Type deduction by context is a modern feature of several programming languages that allows compilers or interpreters to automatically infer the type of a variable based on the context in which it is declared.
The choice between typed and untyped languages has been a constant topic of debate in the programming world (and it’s now more boring than carrying a camel in your arms 🐫).
One undeniable advantage of dynamically typed languages like JavaScript or Python is that the syntax is more concise and simpler, by avoiding having to specify the type of the variables we create.
However, as programming languages evolve, mechanisms have also emerged that seek to simplify the verbosity of typed languages, without sacrificing the safety and robustness that typing provides.
Thus, languages like C# and C++ use the reserved words var or auto, respectively, to tell the compiler that we want it to deduce the variable’s type during compilation.
Type deduction by context allows declaring variables in typed languages almost as conveniently as in untyped languages.
In fact, “untyped” languages internally are typed. They simply make very intensive use of these mechanisms.
Examples of type deduction in different languages
Let’s see some examples of type deduction by context in different programming languages.
In C#, the var keyword is used to deduce a variable’s type based on the initialization expression.
var number = 42; // The compiler infers that 'number' is of type int
var text = "Hello, world"; // The compiler infers that 'text' is of type string
var list = new List<string> { "one", "two", "three" }; // The compiler infers that 'list' is of type List<string>
In C++, the auto keyword is used to indicate that the variable’s type should be deduced from the initialization value. This is especially useful for long or complicated types.
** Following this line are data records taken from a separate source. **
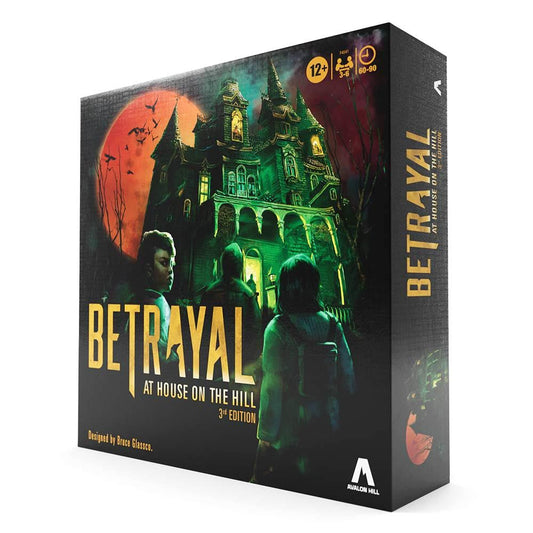 BETRAYAL AT HOUSE ON THE HILL (3RD EDITION)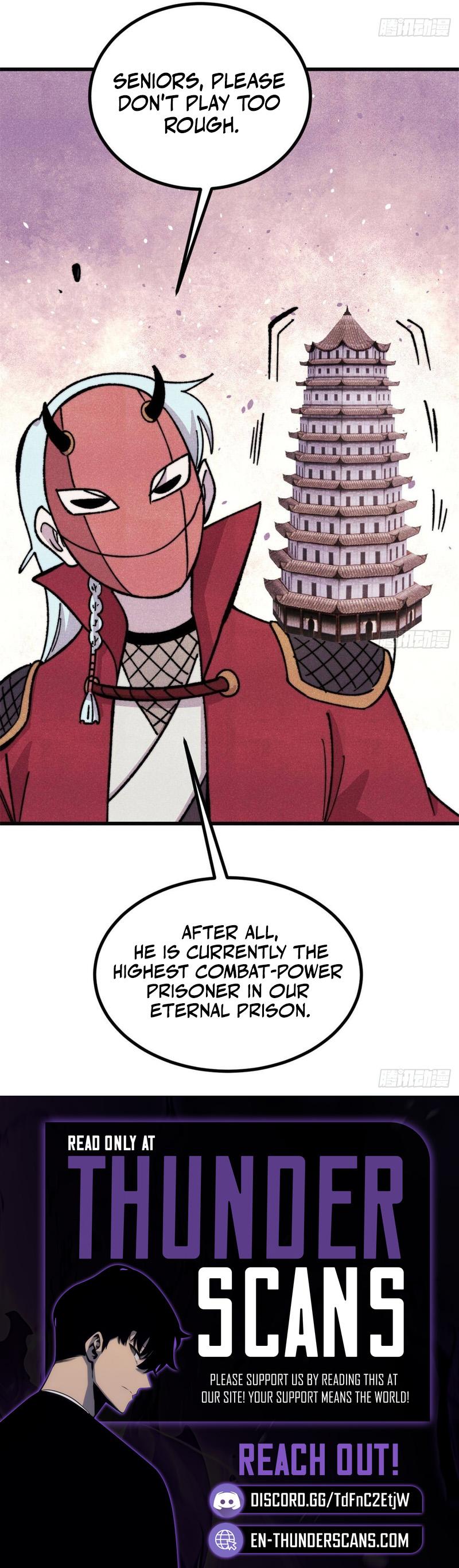 All Hail the Sect Leader Chapter 523 — Page 8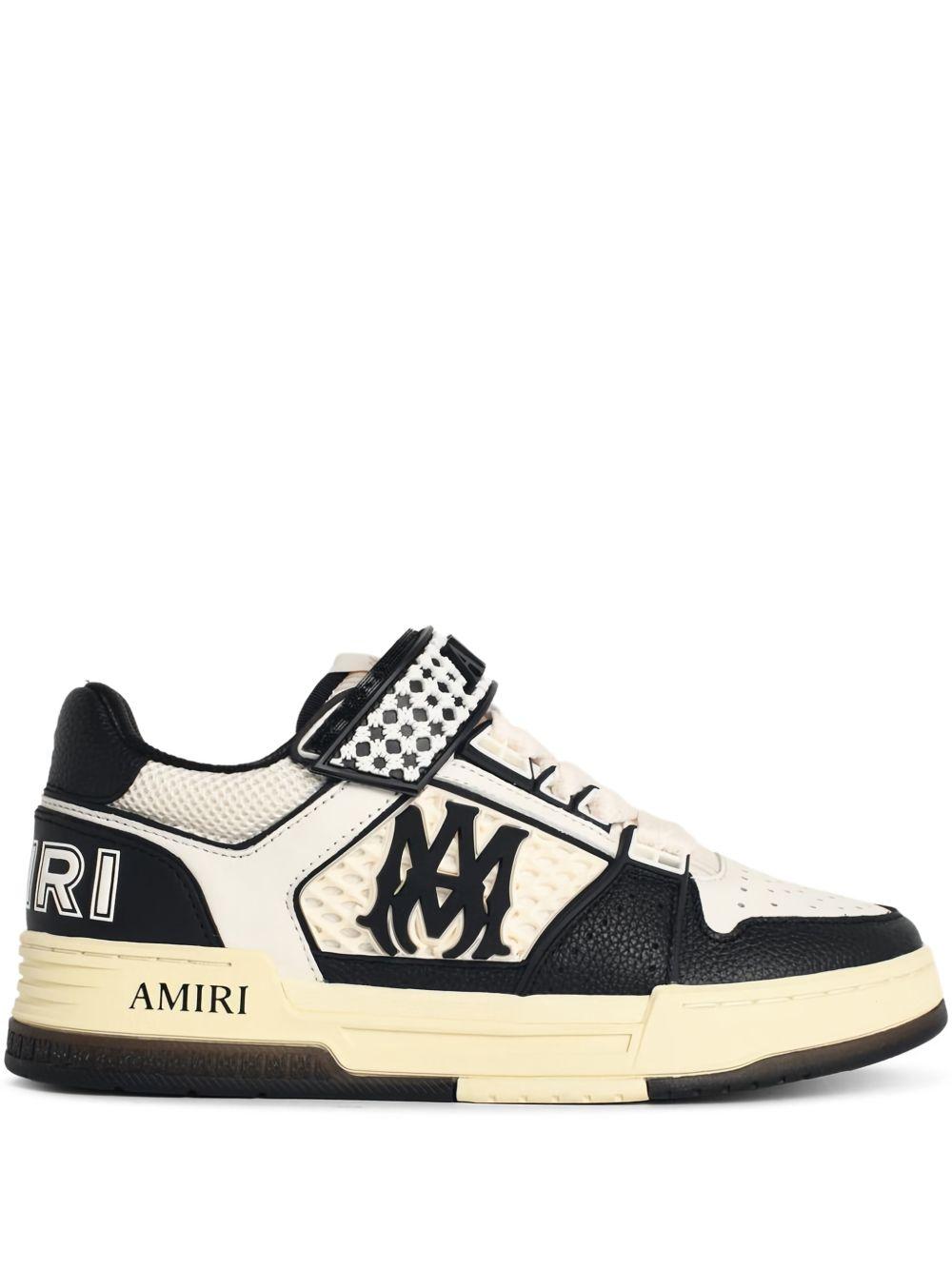 Sneakers ma skyline in bianco e nero Amiri - uomo 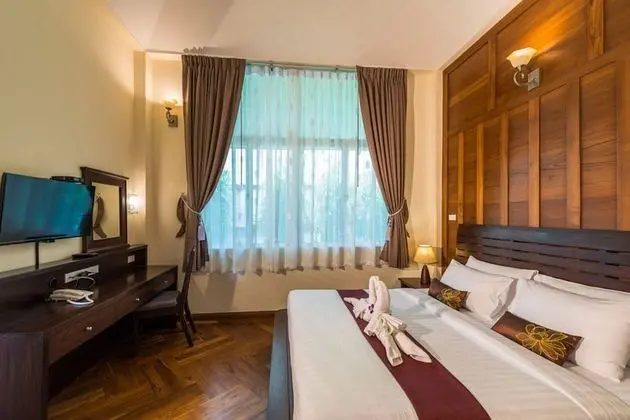 Pattra Vill Resort - Oda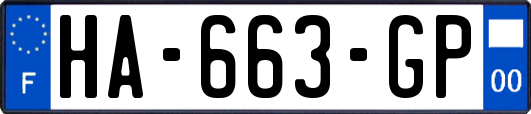 HA-663-GP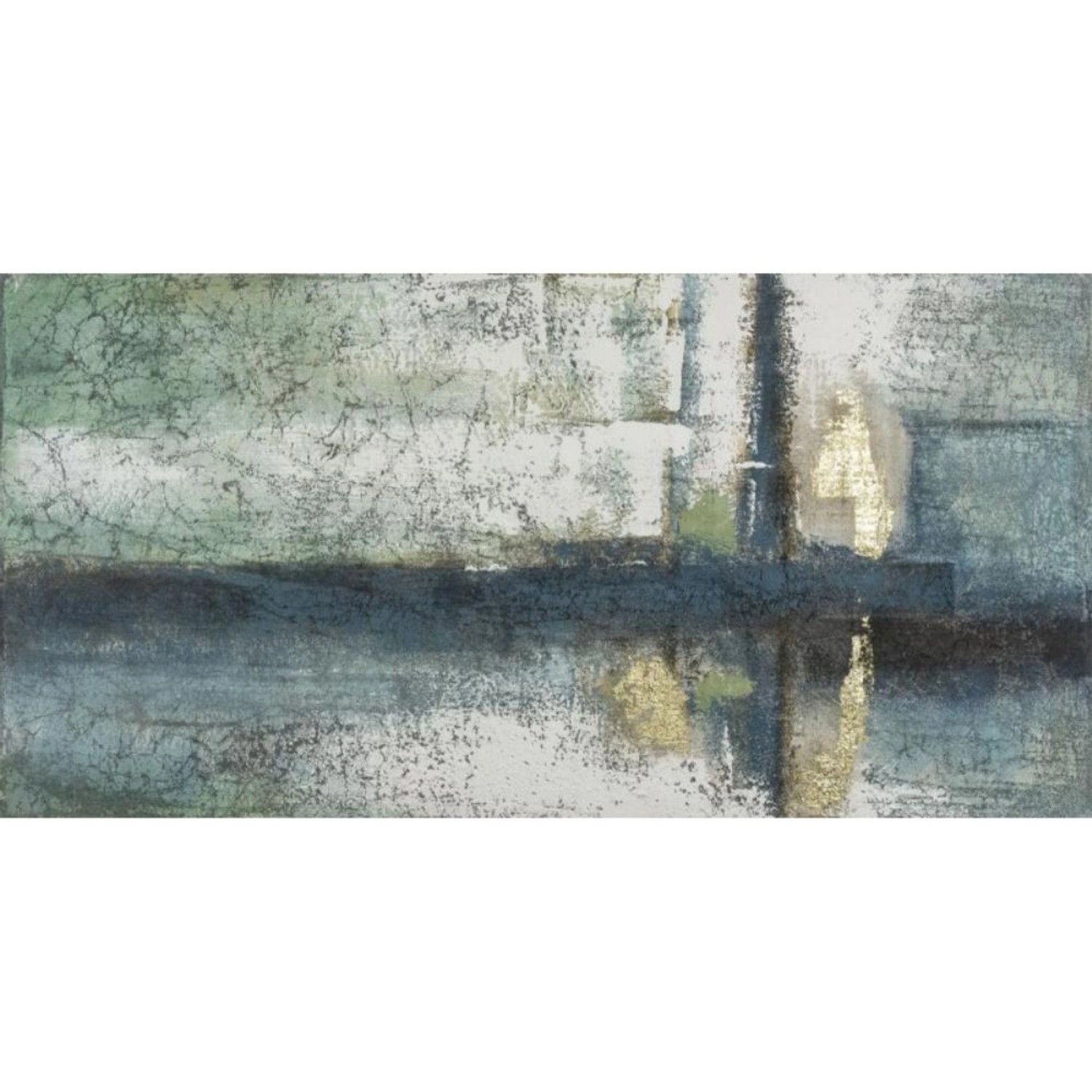 FALC Malovaný obraz abstraktní, 70 x 140 cm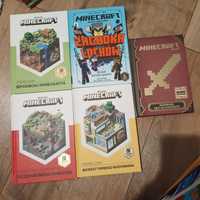Minecraft - książki poradniki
auto number = 42; // The compiler infers that 'number' is of type int
auto text = std::string("Hello, world"); // The compiler infers that 'text' is of type std::string
auto list = std::vector<std::string>{"one", "two", "three"}; // The compiler infers that 'list' is of type std::vector<std::string>
In JavaScript, type deduction is implicit and does not require special keywords. A variable’s type is automatically inferred based on the assigned value.
let number = 42; // The interpreter infers that 'number' is of type Number
let text = "Hello, world"; // The interpreter infers that 'text' is of type String
let list = ["one", "two", "three"]; // The interpreter infers that 'list' is of type Array
In Python, variable types are automatically inferred at the moment of assignment. It is not necessary to specify the type, as Python is a dynamically typed language.
number = 42 # Python infers that 'number' is of type int
text = "Hello, world" # Python infers that 'text' is of type str
list = ["one", "two", "three"] # Python infers that 'list' is of type list
Best Practices Tips
Type deduction by context reduces repetitive code and avoids the redundancy of having to specify the type explicitly when it is already evident from the assignment.
Furthermore, it improves code readability. For example, consider the following case in C#.
// it's easier to read
var list = new List<string> { "one", "two", "three" };
// than this
List<string> list = new List<string> { "one", "two", "three" };
On the other hand, it also facilitates maintenance. By not relying on an explicit declaration, changes in data types are automatically propagated if the initial assignment changes.
For example, if we have a function that returns a type,
// method that returns an object of type myClass
myClass DoSomething()
{
// ... function content
}
// many lines down, create an object with the method
var myObject = DoSomething();
If at some point someone changes DoSomething to return something else (for example, ImyInterface), it is not necessary to change var myObject = DoSomething();, the changes are automatically “propagated”.
However, there are also many detractors of type deduction by context. Mainly people who are very accustomed to traditional strongly typed programming.
Thus, it is often advised not to use it in situations where the type is not obvious. For example,
// here the type is obvious
var myList = new List<string>();
// here the type is not obvious
List<string> myList = myMethod();
In the end, the decision is yours. Personally, I recommend using type deduction by context even in soup. But it’s not an absolute truth. The best thing is for you to form your own criteria.